What you need to do
A faithful copy of the data below is required, leaving out every picture.

Web page caption snippets
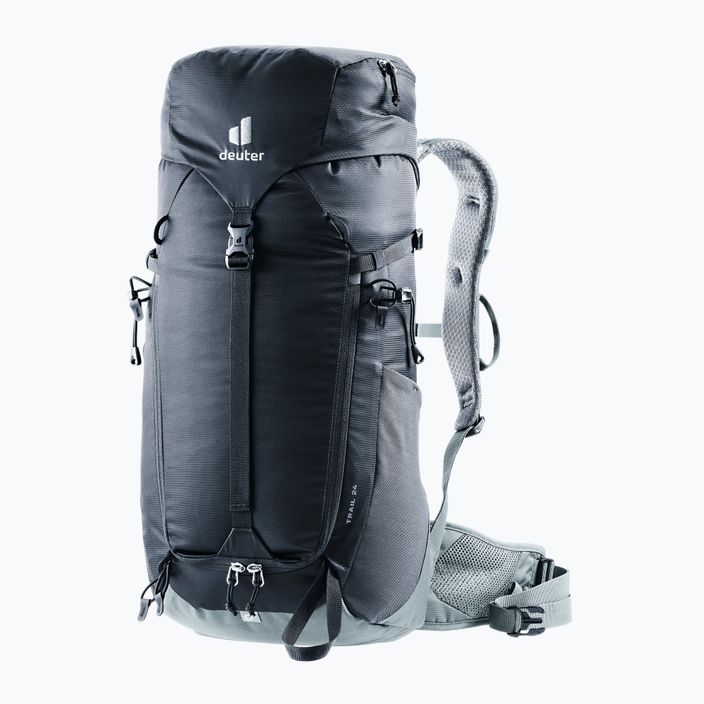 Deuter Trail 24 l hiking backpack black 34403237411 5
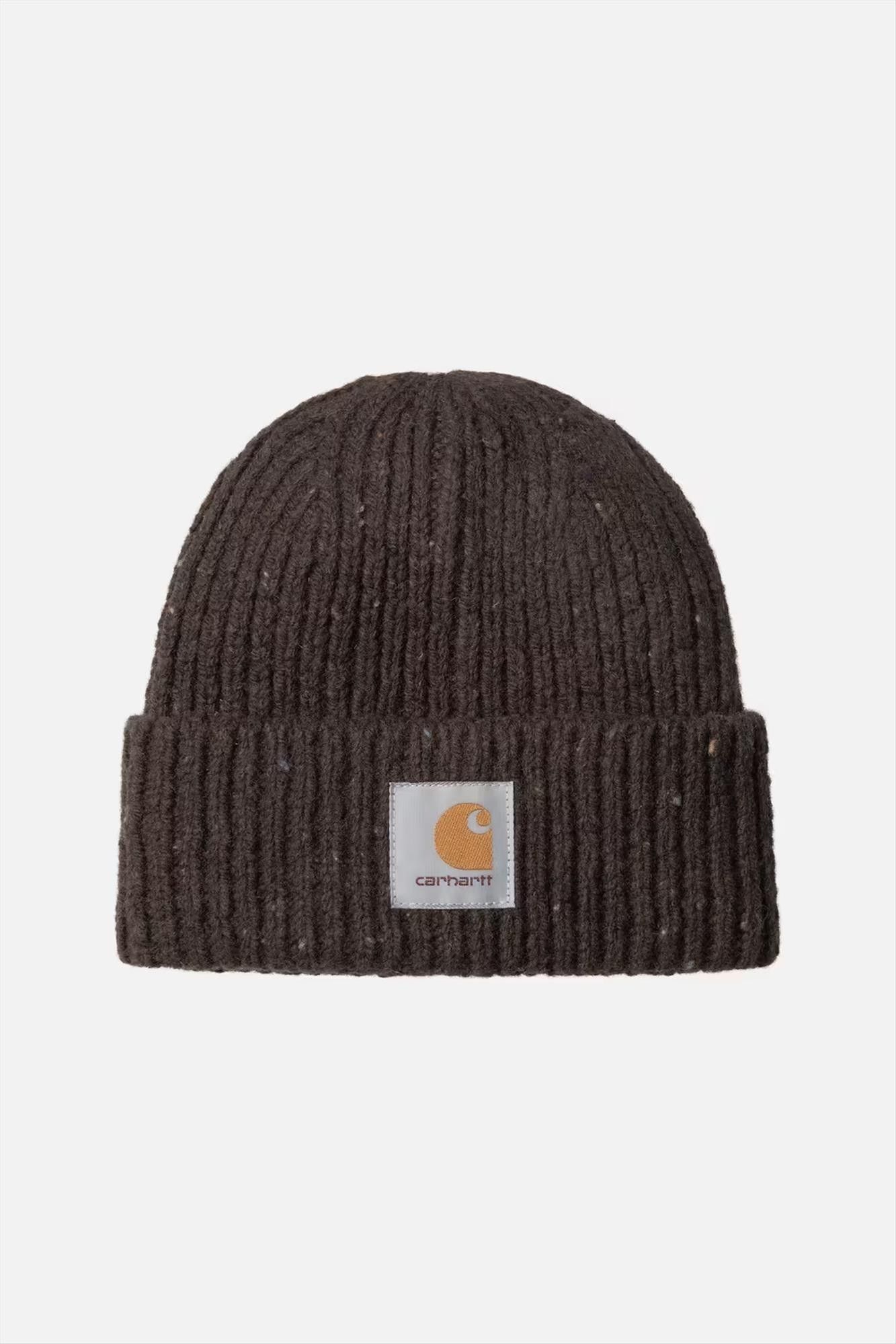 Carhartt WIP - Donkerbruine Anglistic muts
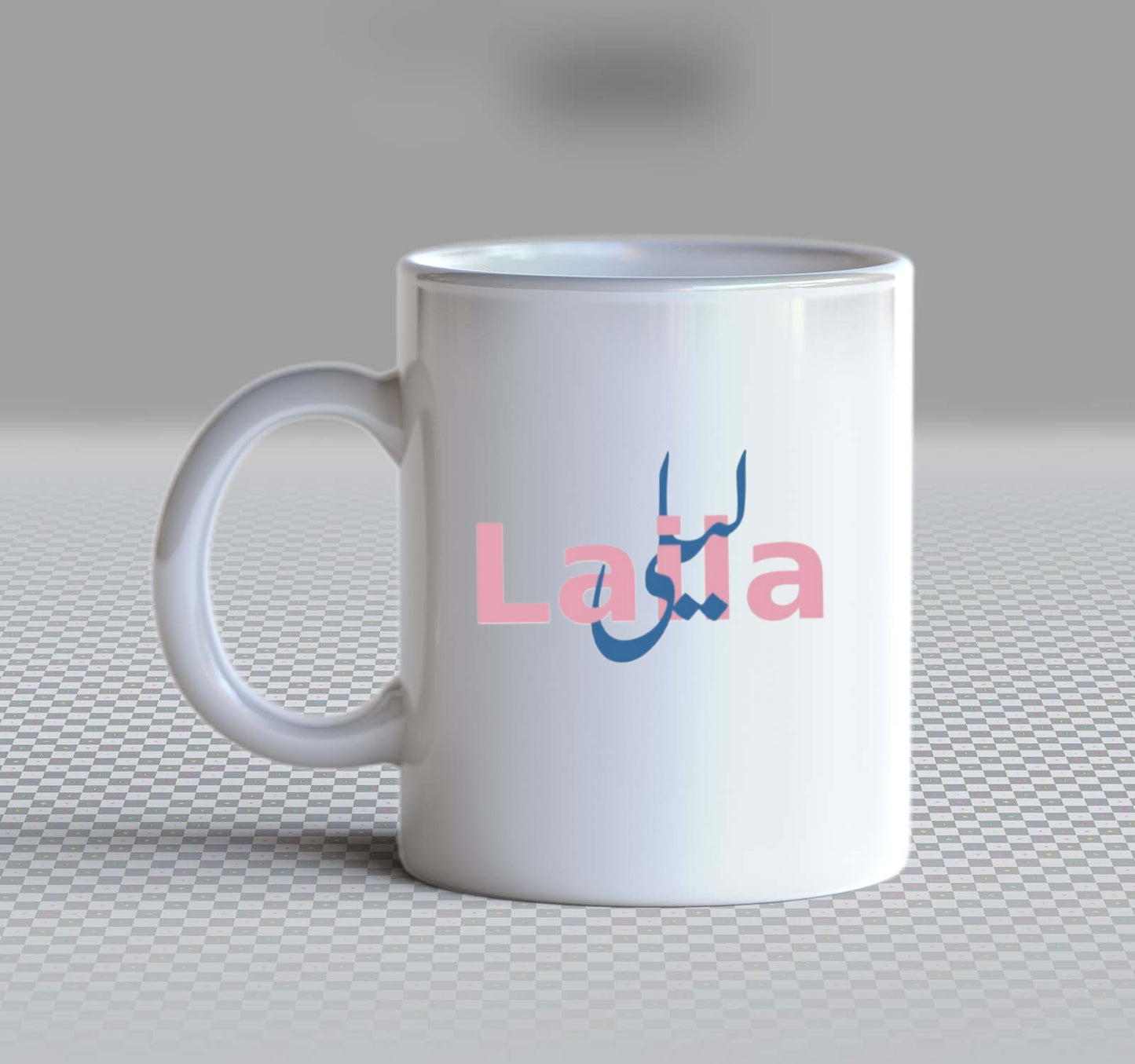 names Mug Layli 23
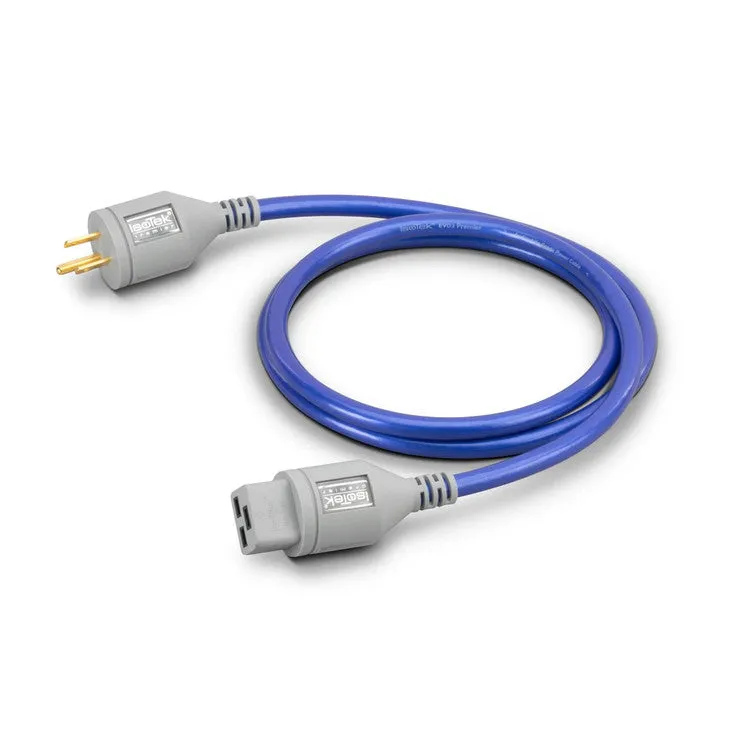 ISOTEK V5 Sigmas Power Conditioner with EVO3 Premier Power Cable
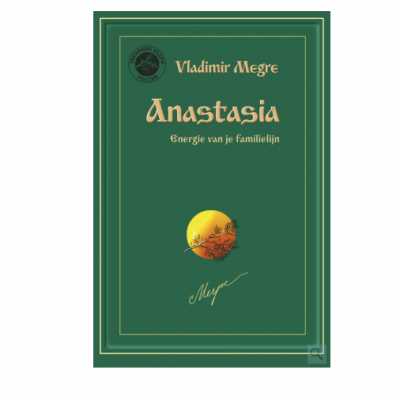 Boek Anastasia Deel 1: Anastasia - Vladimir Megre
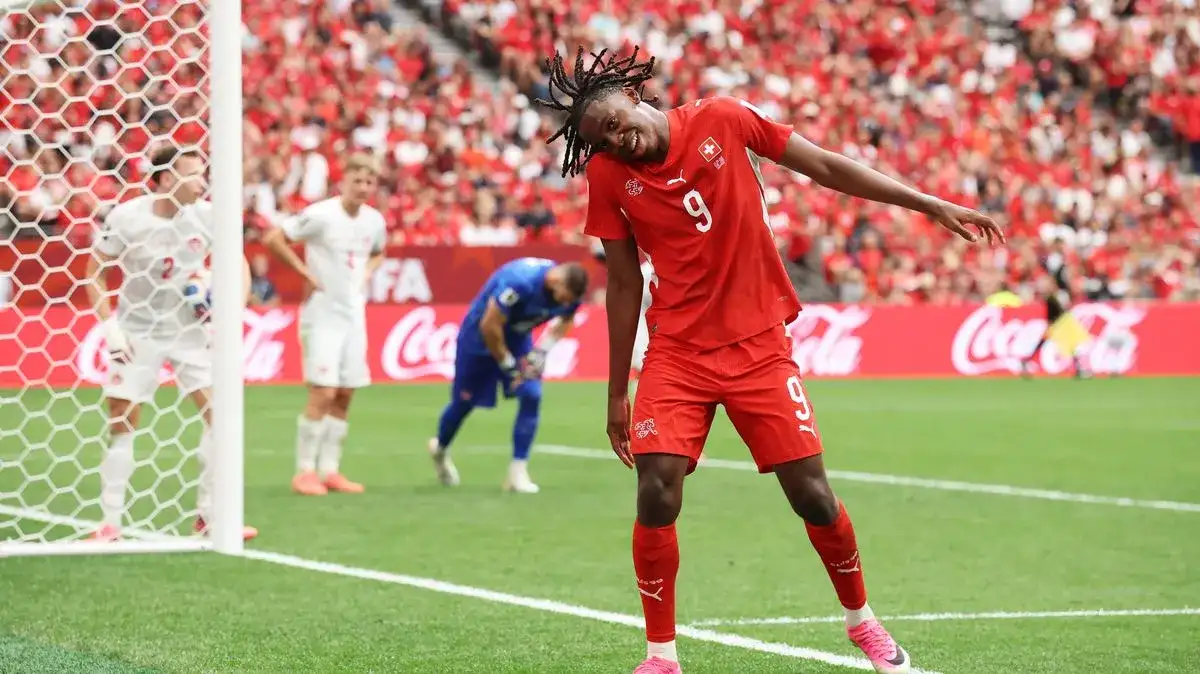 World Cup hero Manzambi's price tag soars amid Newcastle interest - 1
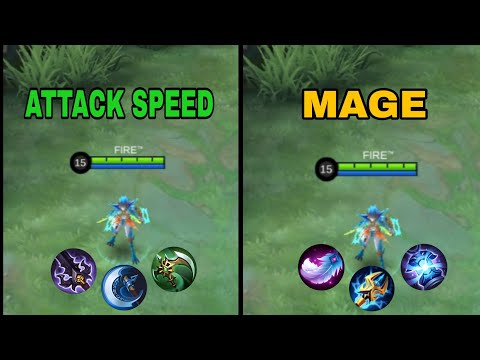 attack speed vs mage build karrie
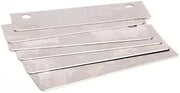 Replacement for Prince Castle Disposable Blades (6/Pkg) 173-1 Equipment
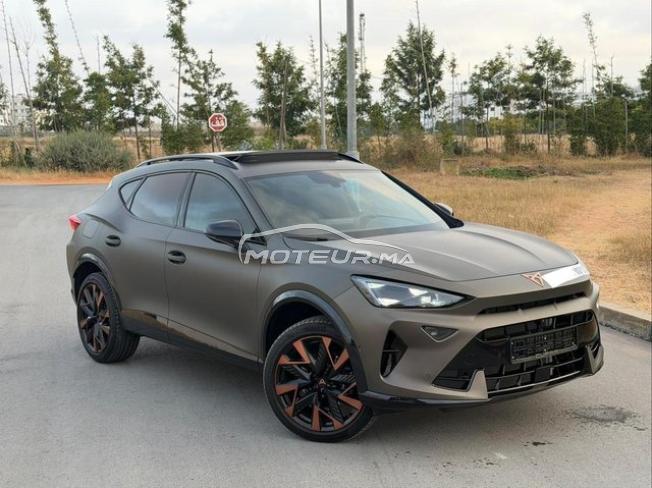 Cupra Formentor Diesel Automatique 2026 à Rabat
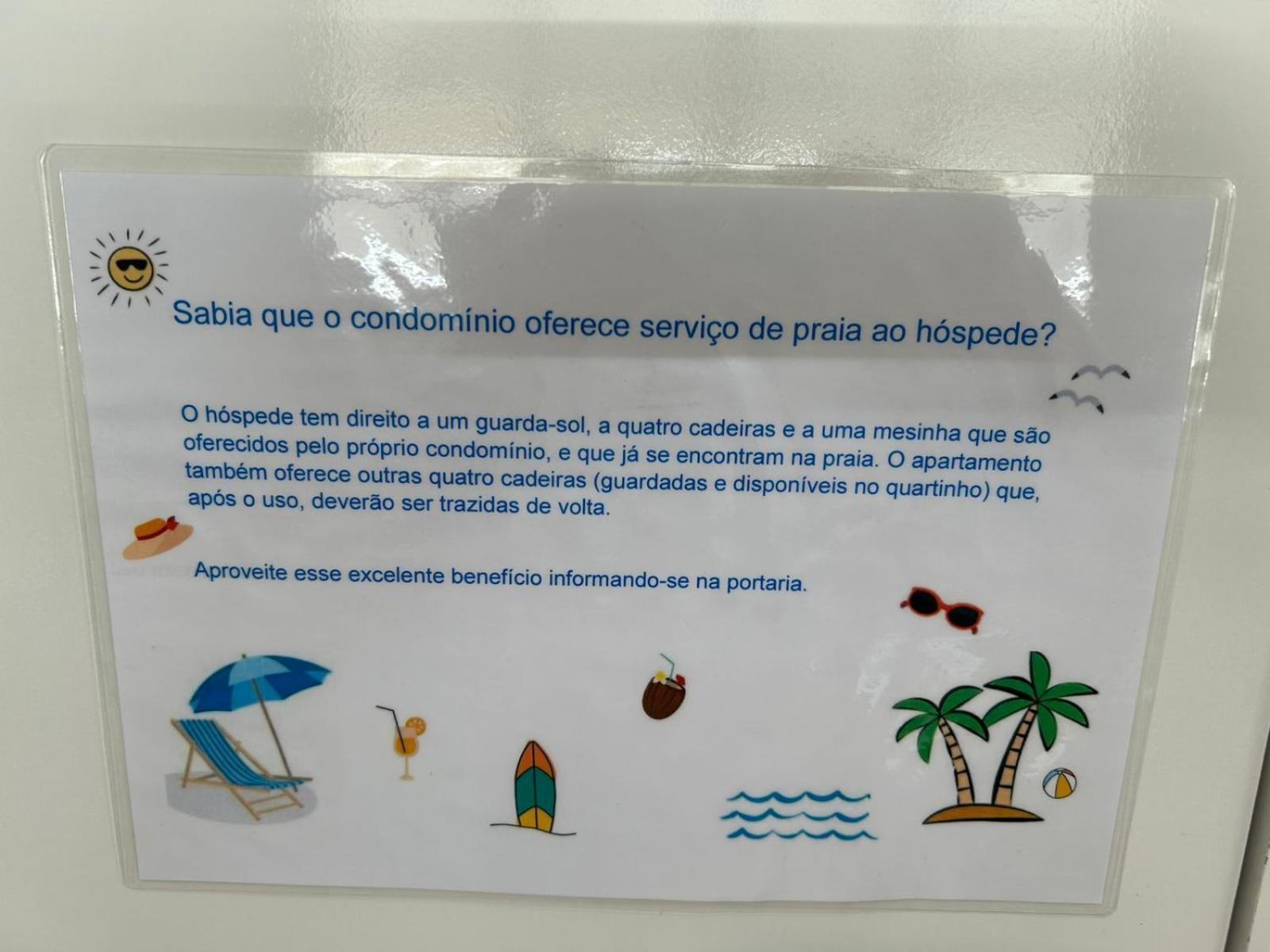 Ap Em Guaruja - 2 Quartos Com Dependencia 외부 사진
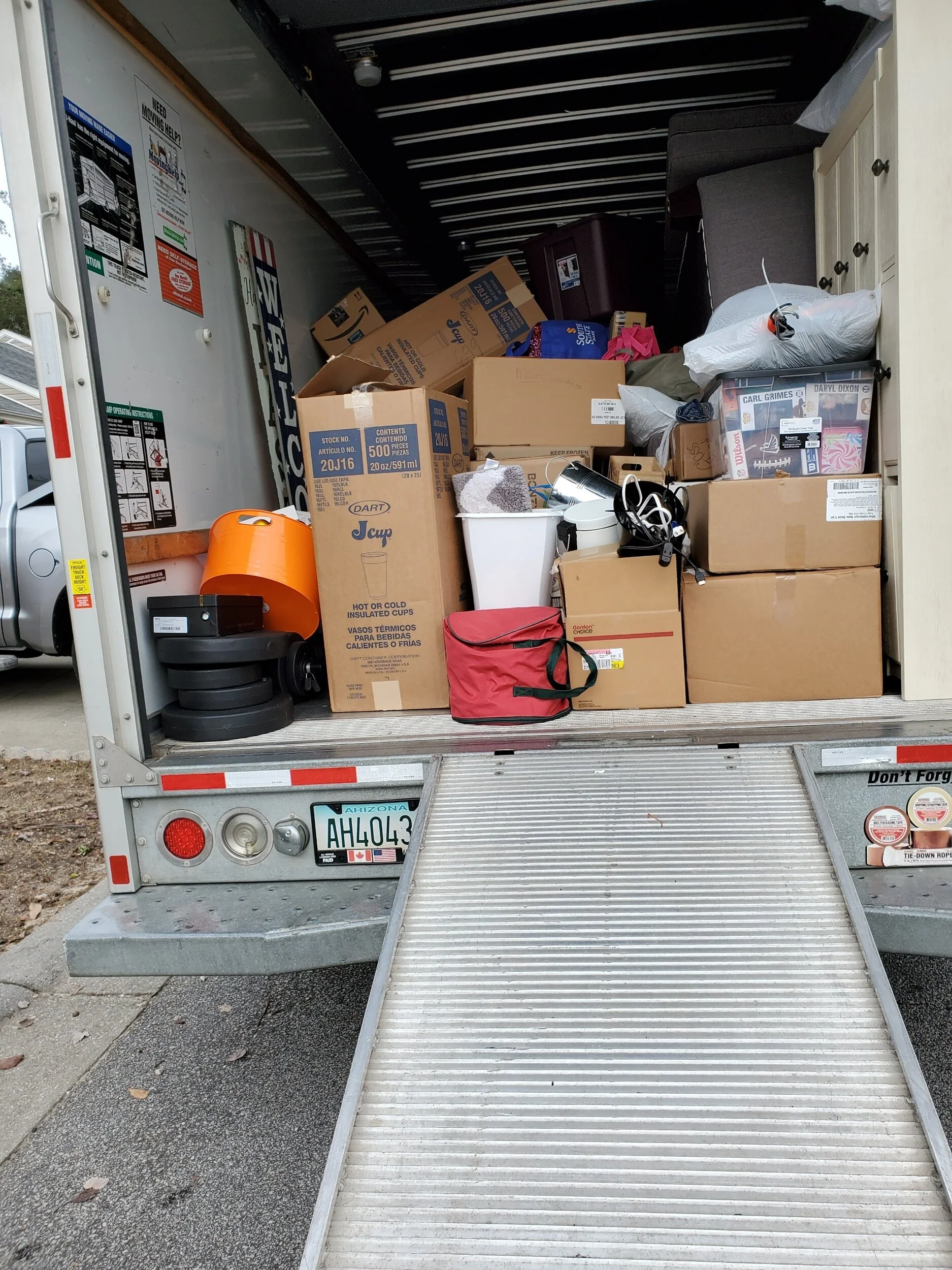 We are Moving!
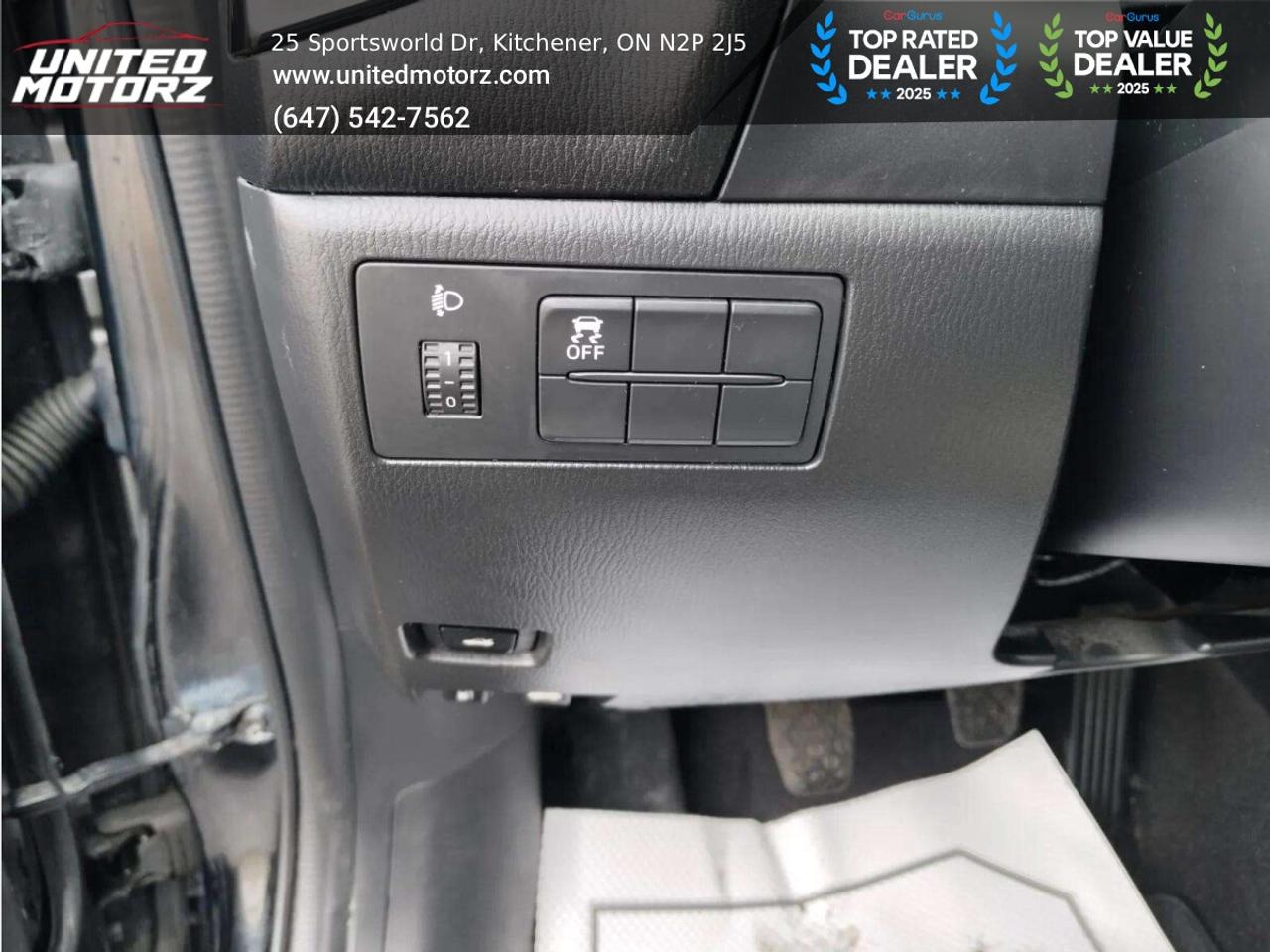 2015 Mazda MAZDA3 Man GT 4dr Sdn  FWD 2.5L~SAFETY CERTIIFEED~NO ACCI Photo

Solution to the problem
 Deuter Trail 24 l hiking backpack black 34403237411 5
 Carhartt WIP - Donkerbruine Anglistic muts
 names Mug Layli 23
 ISOTEK V5 Sigmas Power Conditioner with EVO3 Premier Power Cable
 Boek Anastasia Deel 1: Anastasia - Vladimir Megre
 World Cup hero Manzambi's price tag soars amid Newcastle interest - 1
 attack speed vs mage build karrie
 Replacement for Prince Castle Disposable Blades (6/Pkg) 173-1 Equipment
 Cupra Formentor Diesel Automatique 2026 à Rabat
 Ap Em Guaruja - 2 Quartos Com Dependencia 외부 사진
 We are Moving!
 2015 Mazda MAZDA3 Man GT 4dr Sdn  FWD 2.5L~SAFETY CERTIIFEED~NO ACCI Photo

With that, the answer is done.